Androgenetic alopecia is a common form of hair loss in both men and women. In men, this condition is also known as male-pattern baldness. Hair is lost in a well-defined pattern, beginning above both temples. Over time, the hairline recedes to form a characteristic “M” shape. Hair also thins at the crown (near the top of the head), often progressing to partial or complete baldness.
The pattern of hair loss in women differs from male-pattern baldness. In women, the hair becomes thinner all over the head, and the hairline does not recede. Androgenetic alopecia in women rarely leads to total baldness.
Androgenic alopecia in men has been associated with several other medical conditions including coronary heart disease and enlargement of the prostate. Additionally, prostate cancer, disorders of insulin resistance (such as diabetes and obesity), and high blood pressure (hypertension) have been related to androgenetic alopecia.

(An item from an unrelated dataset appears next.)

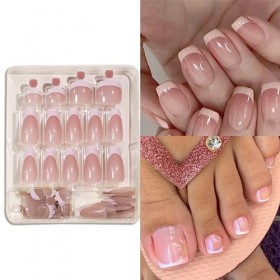 Lot de 48 faux ongles français courts – Faux ongles dorteils français à coller sur les ongles dorteils naturels à presser –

In women, this form of hair loss is associated with an increased risk of polycystic ovary syndrome (PCOS). PCOS is characterized by a hormonal imbalance that can lead to irregular menstruation, acne, excess hair elsewhere on the body (hirsutism), and weight gain.
Etiology of Androgenetic Alopecia
Androgenetic alopecia, as the name suggests has a clear genetic predisposition and is likely due to an excessive response to androgen.
Pattern alopecia is a polygenic disorder with variable penetrance, and both maternal and paternal genes are involved. There is a familial predisposition to androgenic alopecia with sons at a five to six-time higher relative risk if their fathers were balding.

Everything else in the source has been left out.